- Assigned task: Omit the images, then print each record below exactly as it reads.

(Crawled caption data)
◆ ◆ ◆

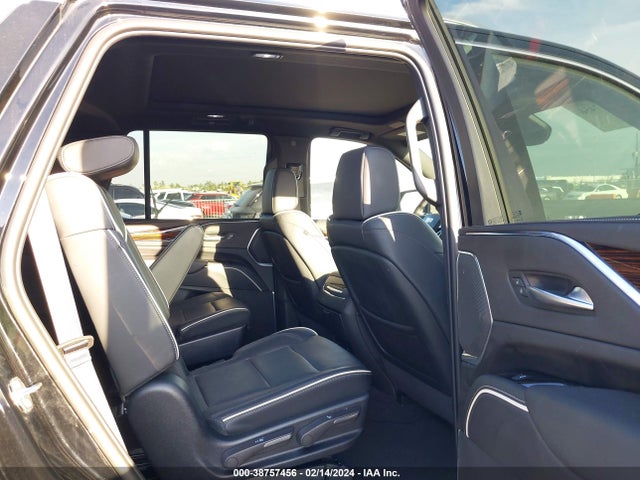 1GYS4BKL6PR189267 Cadillac Escalade 4wd Premium Luxury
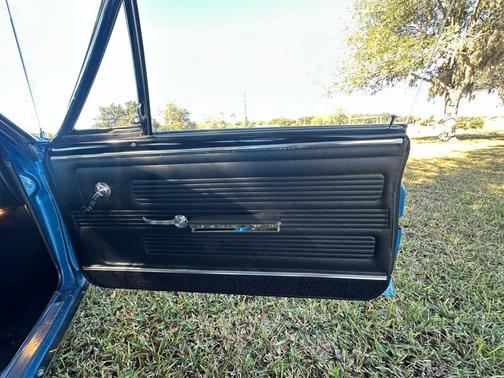 1967 Pontiac GTO 2D Coupe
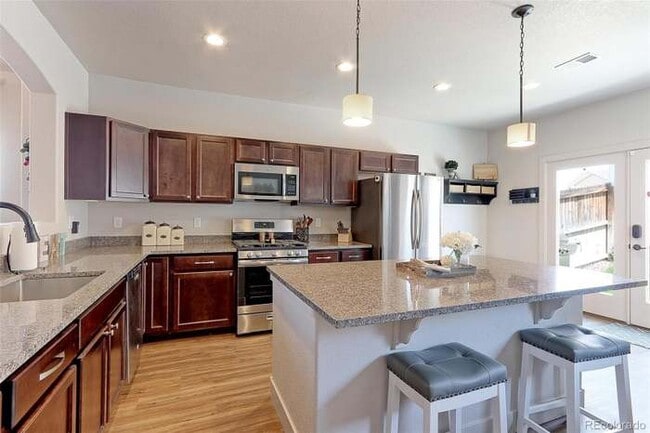 property at 13750 Garfield St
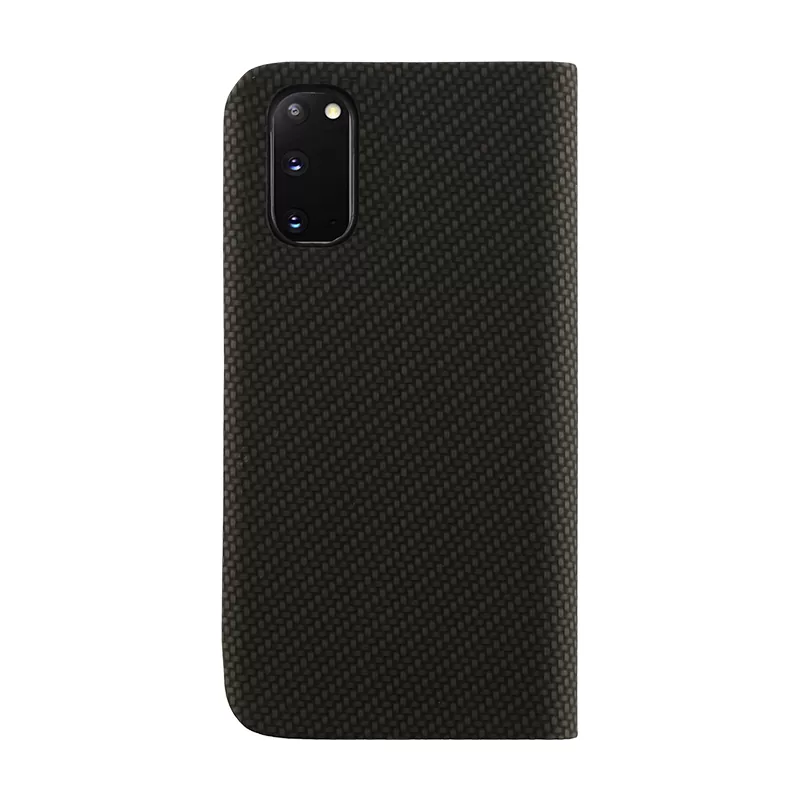 IDOL 1991 ELITE ΘΗΚΗ SAMSUNG S20 G980 6.2in  ANTI-RFID BOOK STAND BLACK - Image 6
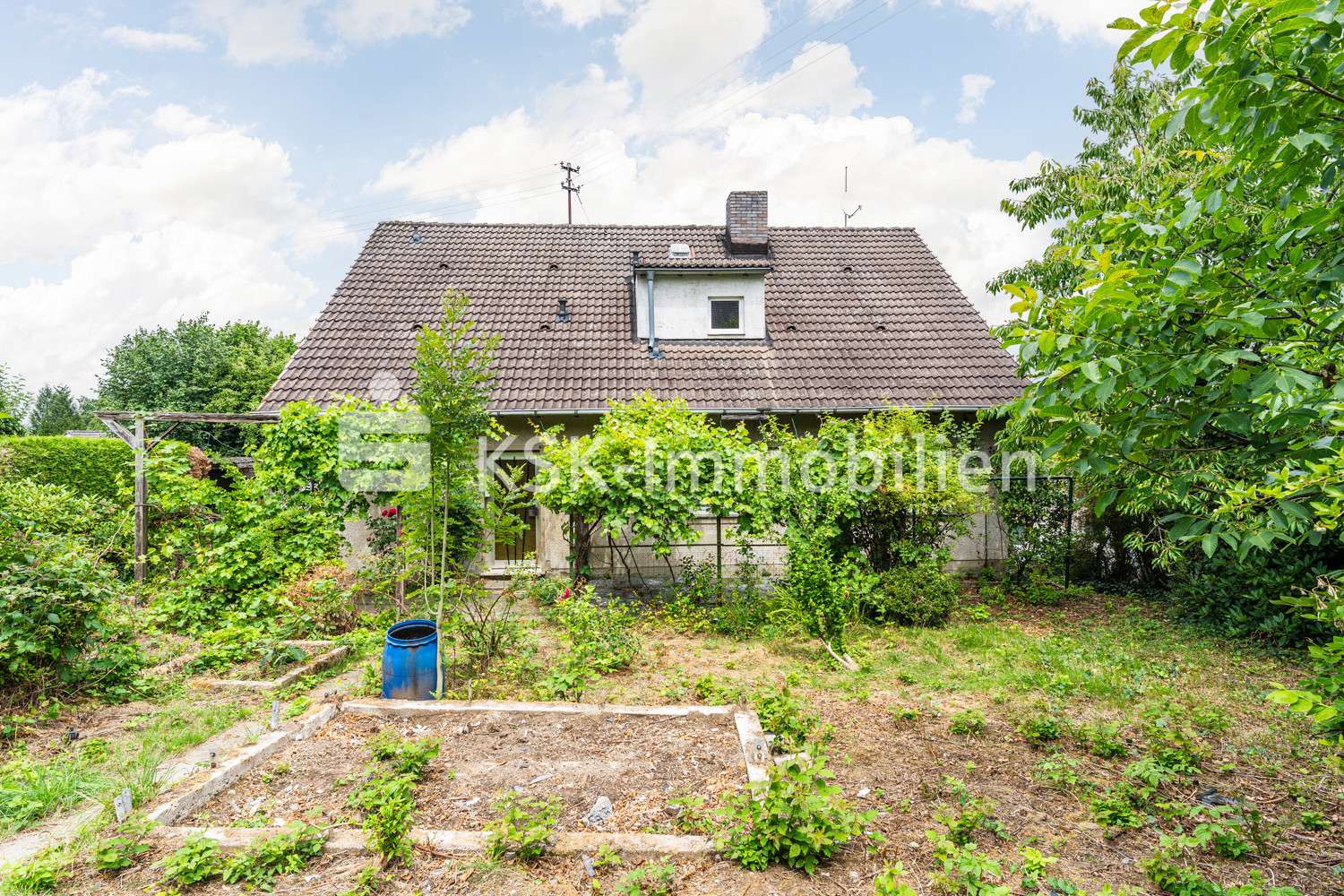 117548 Vorderansicht - Zweifamilienhaus in 53819 Neunkirchen-Seelscheid mit 183m² kaufen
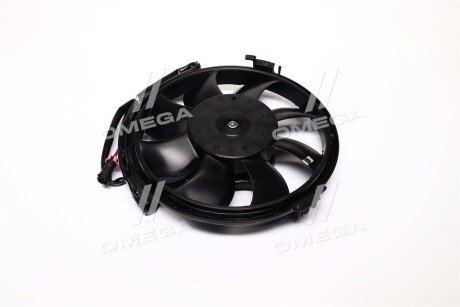 Вентилятор охлаждения радиатора nissens 85691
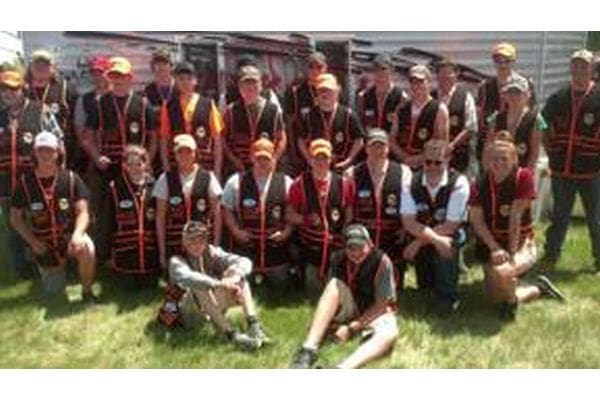 MidwayUSA Foundation Grants Over .3 Million to Youth Shooting Programs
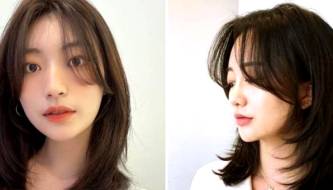 4 summer hairstyles that make thin hair look thicker and your face appear noticeably slimmer.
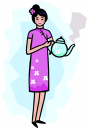 Tea Clipart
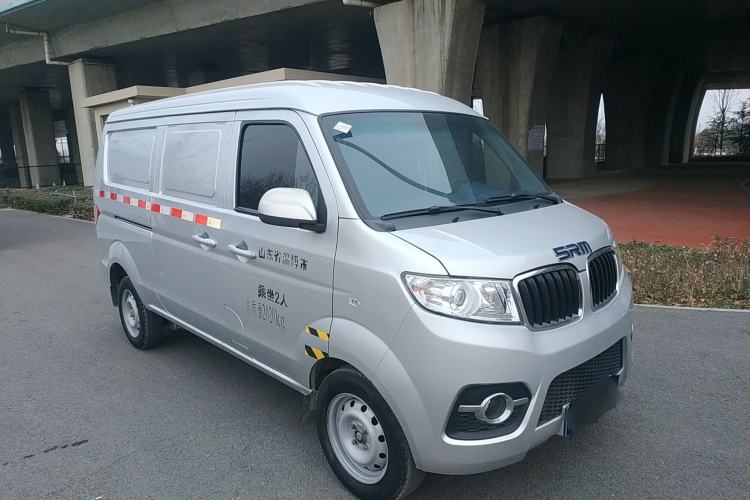 Used Jinbei Hiace X30 CNG 2021 1.5L Natural Gas Standard Van SWCC15M
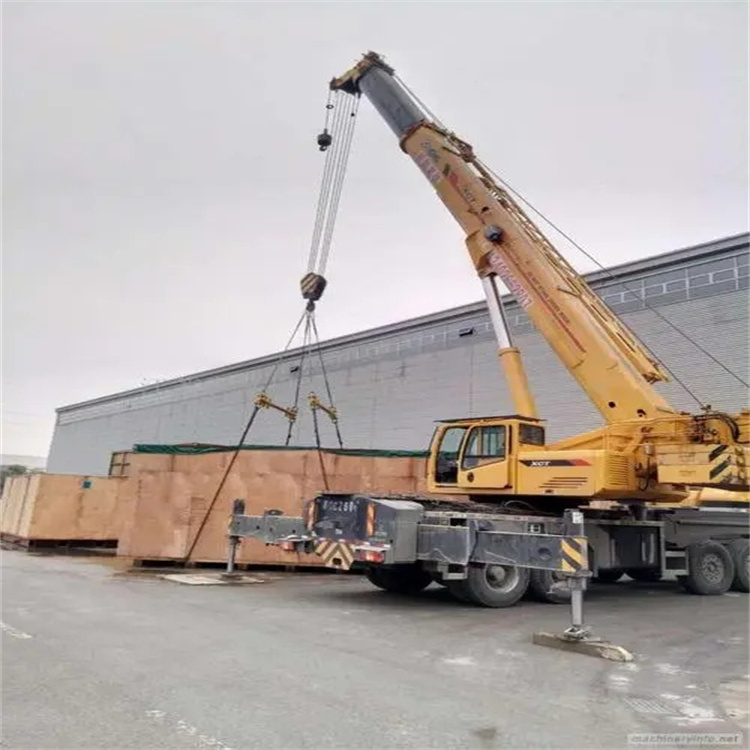 八所镇吊车出租哪家正规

◆ ◆ ◆

- Reply to the exercise:
 1GYS4BKL6PR189267 Cadillac Escalade 4wd Premium Luxury
 1967 Pontiac GTO 2D Coupe
 property at 13750 Garfield St
 IDOL 1991 ELITE ΘΗΚΗ SAMSUNG S20 G980 6.2in  ANTI-RFID BOOK STAND BLACK - Image 6
 117548 Vorderansicht - Zweifamilienhaus in 53819 Neunkirchen-Seelscheid mit 183m² kaufen
 Вентилятор охлаждения радиатора nissens 85691
 MidwayUSA Foundation Grants Over .3 Million to Youth Shooting Programs
 4 summer hairstyles that make thin hair look thicker and your face appear noticeably slimmer.
 Tea Clipart
 Used Jinbei Hiace X30 CNG 2021 1.5L Natural Gas Standard Van SWCC15M
 八所镇吊车出租哪家正规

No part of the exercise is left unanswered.